If you counted all the dots here, 1200 locations, 1300 locations, these are agent locations and agent doesn’t get paid unless a load is moved remember he said he is the individual that’s putting that load in the system. Unless he gets that moved he doesn’t get paid all right. Pretty large population of agents, we are not geographically based, I can have 20 agents in Dallas, it's account based. We have field people that are employee based that manages what goes on in that territory because I don’t want one agent calling another agents customer, because an agent of record accounts as we like to call it but again so not territorial based.
What really drives Landstar is the number of $1 million, they account for approximately 90% of our revenue and I can have one agent having more than one location and you can see we had $504 million agents last year.
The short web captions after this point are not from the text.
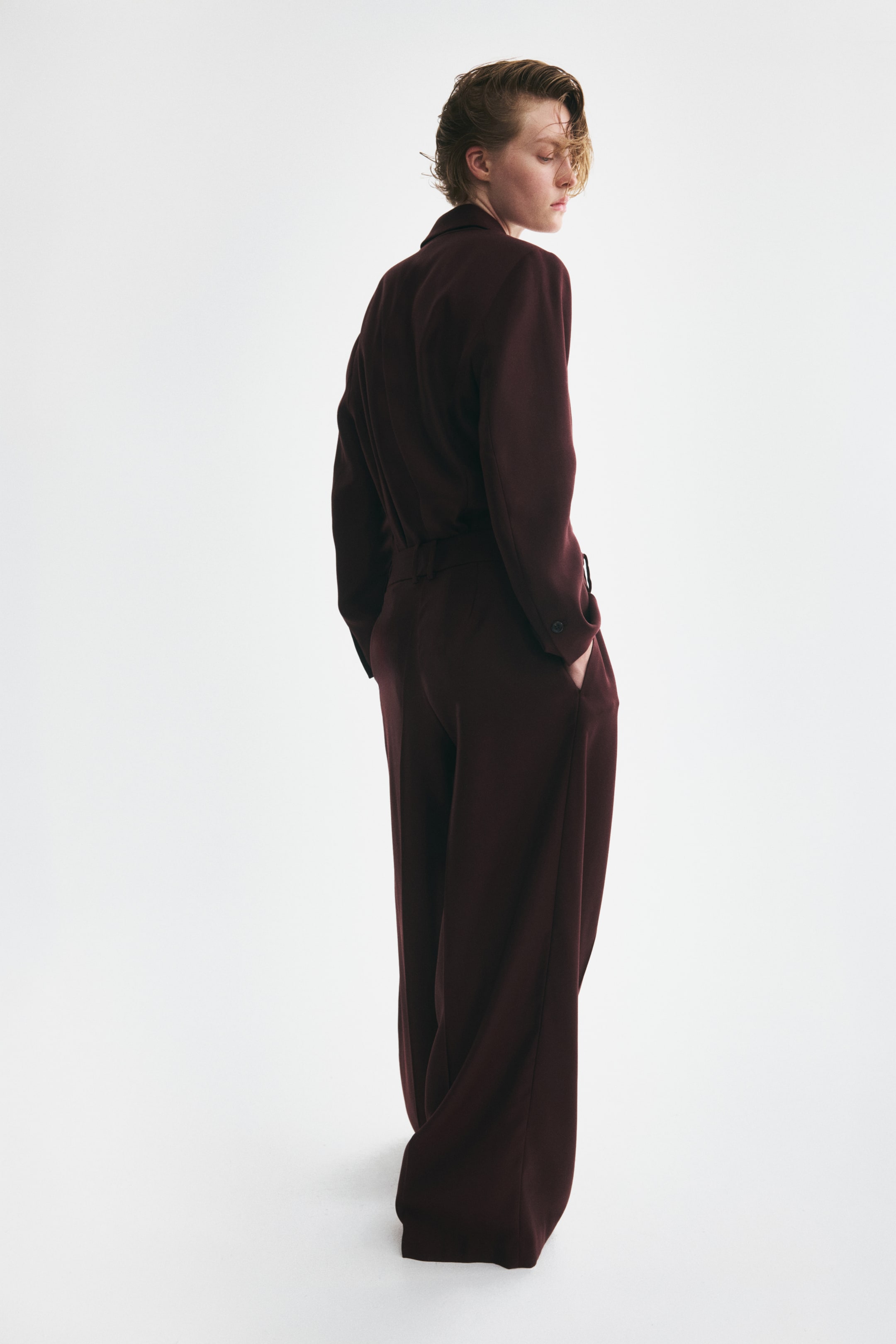 Pantalon sur mesure à jambes larges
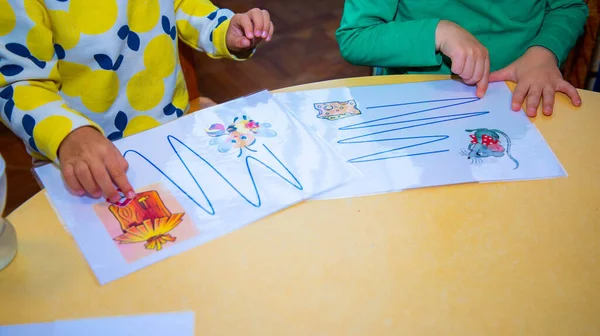 幼稚園でのモンテッソーリのレッスン — ストック写真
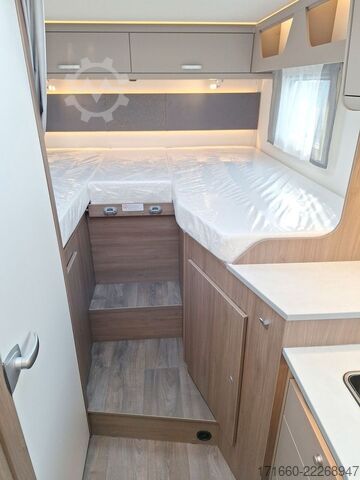 Caravana semiintegrada CARADO pro+ T 338 TV/SAT, Navi+RFK, Hubbett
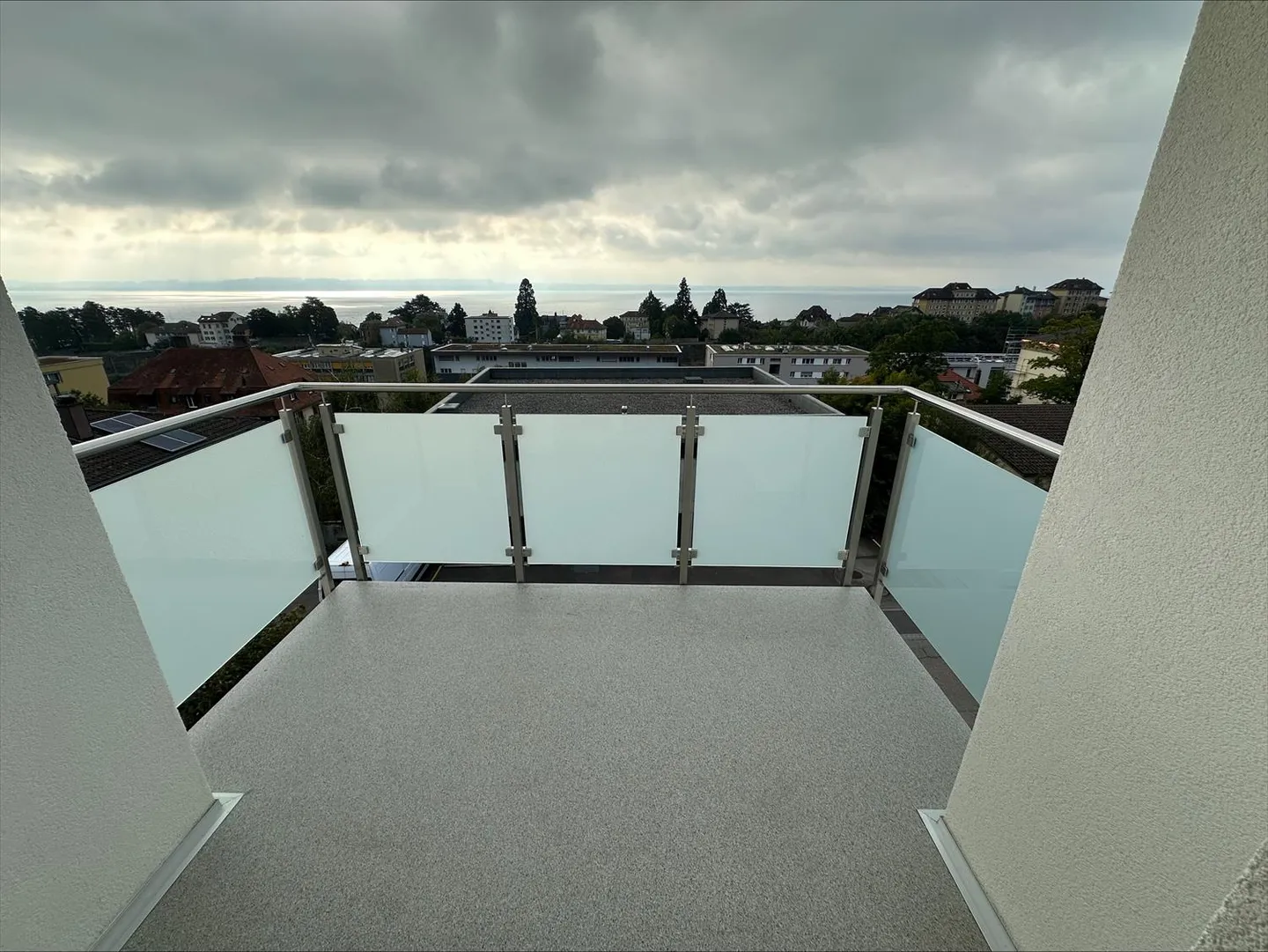 Magnificent apartment with balcony and lake view, ideally located - Photo 10 of 10
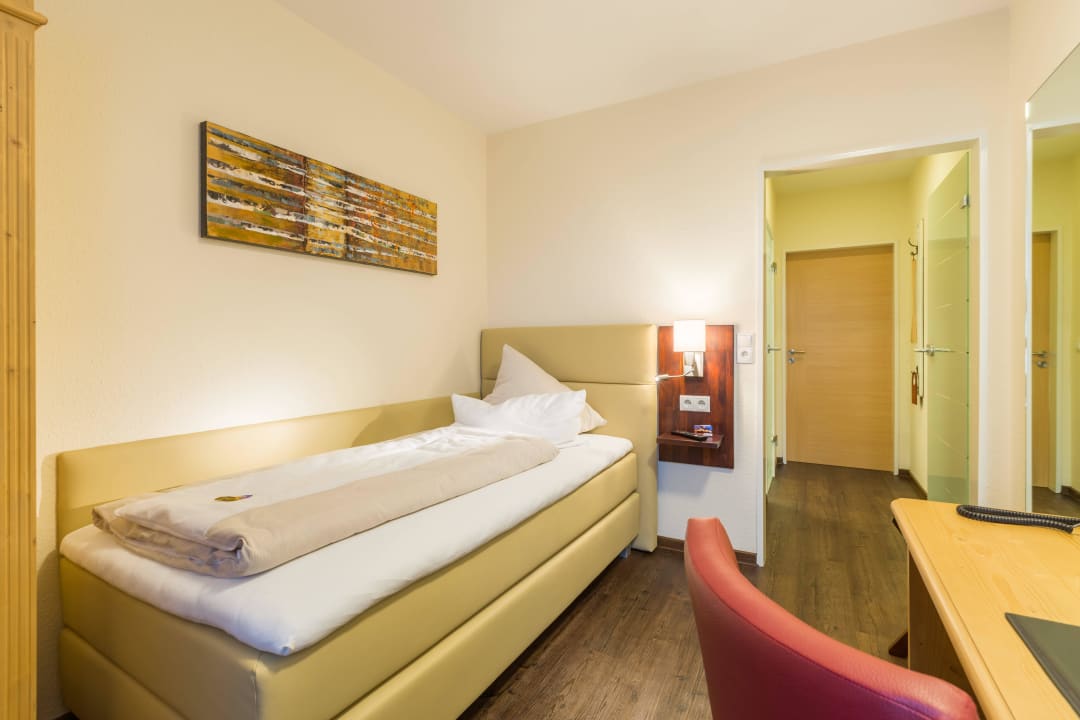 EZ Classic Burgdorfs Hotel & Restaurant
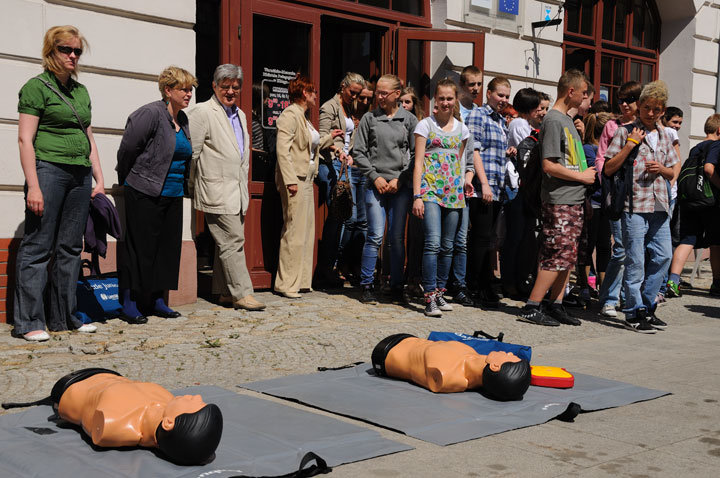 Jak udzielać pierwszej pomocy? zdjęcie nr 44663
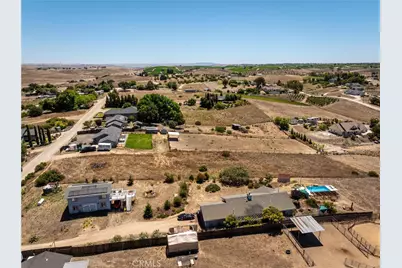 8290 Plane View Place, Paso Robles, CA 93446 - Photo 4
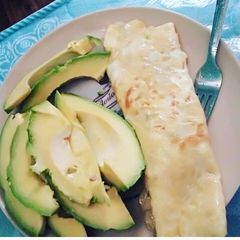 A picture of Fried egg with avacado.
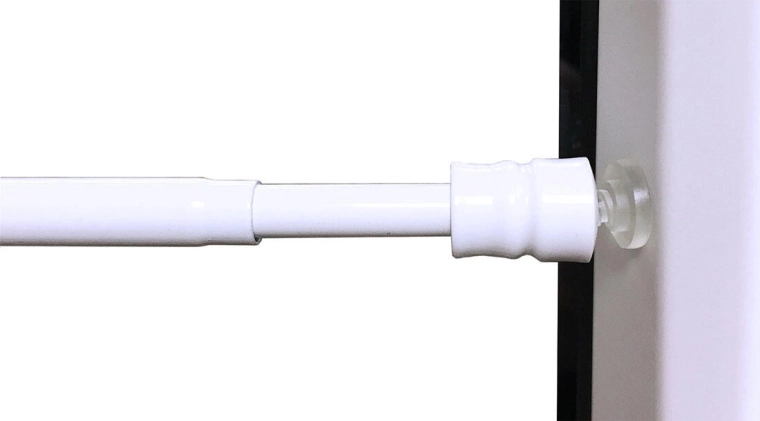 Suction cups for secure mounting even on slanted frames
They averaged them about 4.9 million a piece, so when you think about how much money they are making that’s Landstar revenue and if you just we are going to talk in a few slides as far as how they get paid but if you used an average of about 8% when you look at our P&L you got some pretty high priced sales people out in the field working again towards Landstar but again it's that loyalty we build out to turn over in this particular group.
I think we lost two last year, people don’t leave Landstar because the systems that we have or geared for the way they do business and as I said in order for them to be successful they need to access the capacity and we have a lot of capacity for them to source from and that’s very important.
To really understand Landstar’s P&L this was probably one of the most important slides that you will see. We defined gross profit as revenue less purchase transportation and agent’s commission because as I said before every piece of revenue has those two component parts and that yields a gross profit number. What’s really important is growing gross profit dollars, we can divide gross profit into two types of margins, fixed and variable. When the load is hold by a BCO typically he gets paid 75%, the agent gets paid 8% so Landstar’s margin on those types of loads are 17%, doesn’t matter what kind of economic environment you are in its 17% on BCO loads on average.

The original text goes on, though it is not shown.